Week of 210215
WLCG Operations Call details
- For remote participation we use Zoom: https://cern.zoom.us/j/99591482961
- The pass code is provided on the
wlcg-operations
list.
- You can contact the
wlcg-ops-coord-chairpeople
list (at cern.ch
) if you do not manage to subscribe.
General Information
- The purpose of the meeting is:
- to report significant operational issues (i.e. issues which can or did degrade experiment or site operations) which are ongoing or were resolved after the previous meeting;
- to announce or schedule interventions at Tier-1 sites;
- to inform about recent or upcoming changes in the experiment activities or systems having a visible impact on sites;
- to provide important news about the middleware;
- to communicate any other information considered interesting for WLCG operations.
- The meeting should run from 15:00 Geneva time until 15:20, exceptionally to 15:30.

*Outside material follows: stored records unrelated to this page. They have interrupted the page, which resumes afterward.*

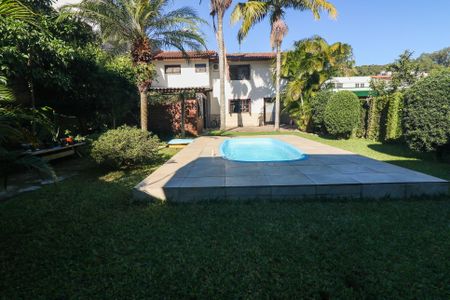 Casa à venda com 426m², 3 quartos e 4 vagasPiscina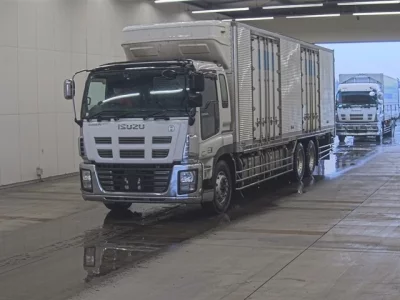 Isuzu Giga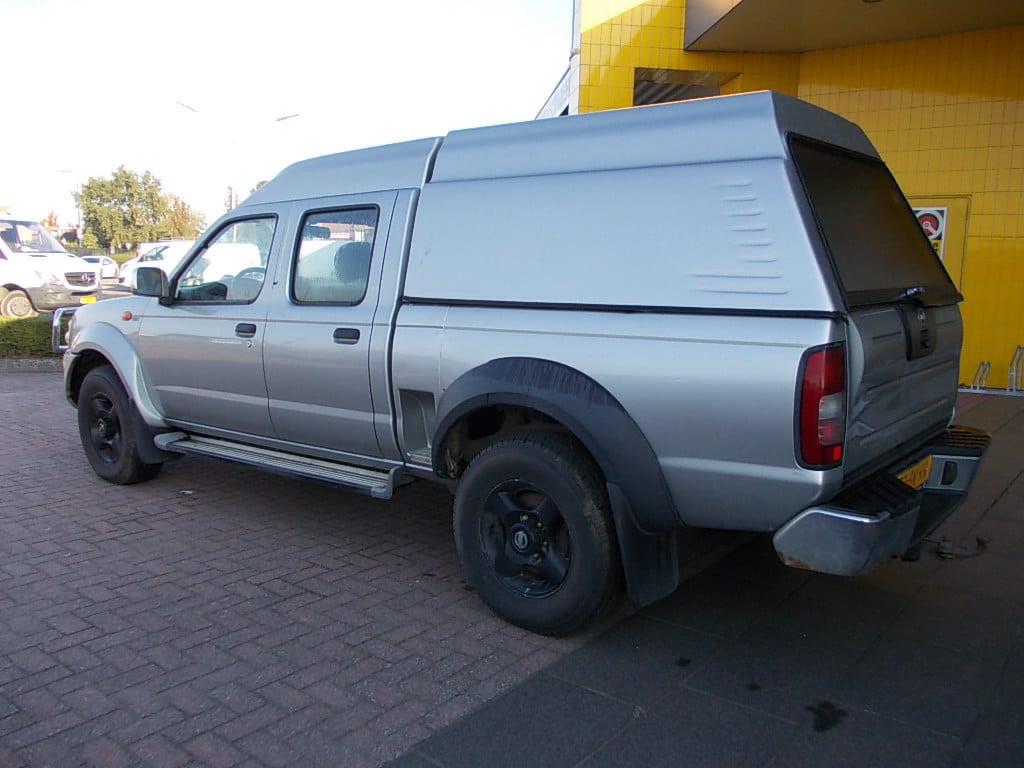 Nissan King-cab pick up (d22) 4x4 dc 5-pers. (navara) lees tekst!!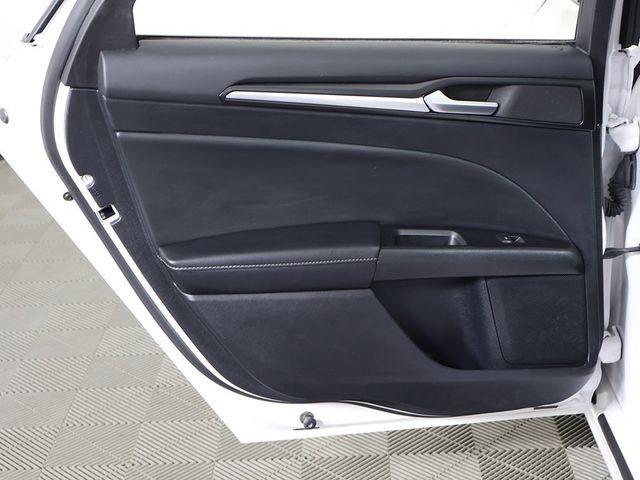 2020 Ford Fusion Energi Titanium - 22958930 - 24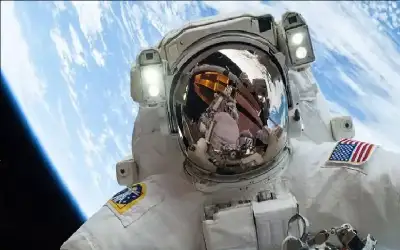 ثقافة ـ الهواتف تصل أخيرا إلى الفضاء ..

- The SCOD rota for the next few weeks is at ScodRota
- Whenever a particular topic needs to be discussed at the operations meeting requiring information from sites or experiments, it is highly recommended to announce it by email to wlcg-scod@cernSPAMNOTNOSPAMPLEASE.ch to allow the SCOD to make sure that the relevant parties have the time to collect the required information, or invite the right people at the meeting.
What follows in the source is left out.